• [Task instructions] Below are records with pictures. Reproduce exactly the lines from the line with "Saving Fido - Capitol Hill- Standard Walk" to the line with "mysid are shrimp zooplankton", inclusive, and leave each picture out.

• [The input]
+---+

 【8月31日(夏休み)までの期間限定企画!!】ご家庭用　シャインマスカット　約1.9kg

+---+

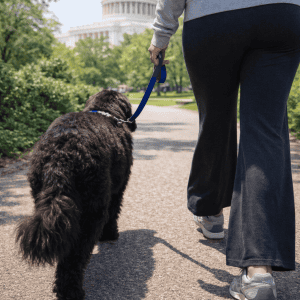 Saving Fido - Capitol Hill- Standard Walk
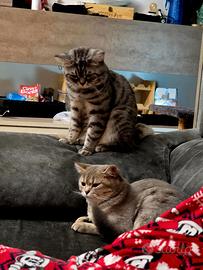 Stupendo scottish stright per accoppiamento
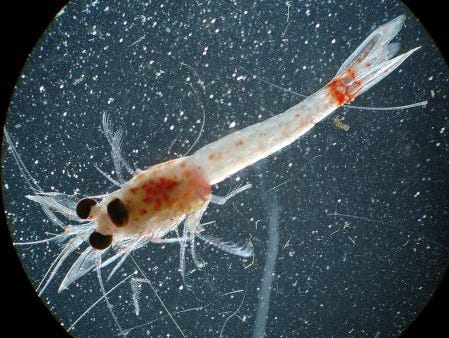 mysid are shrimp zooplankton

+---+

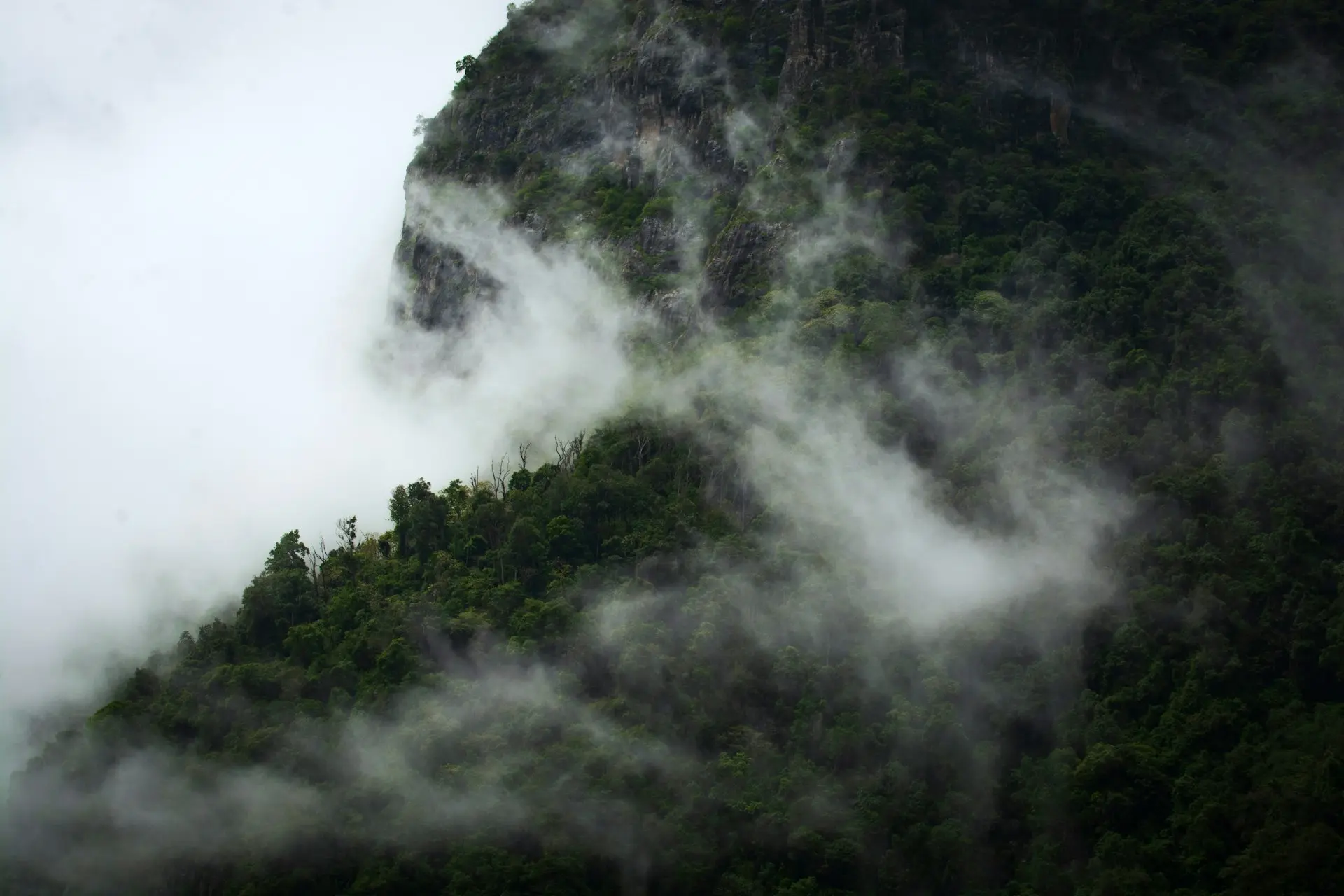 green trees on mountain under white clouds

+---+

• [Task result]
 Saving Fido - Capitol Hill- Standard Walk
 Stupendo scottish stright per accoppiamento
 mysid are shrimp zooplankton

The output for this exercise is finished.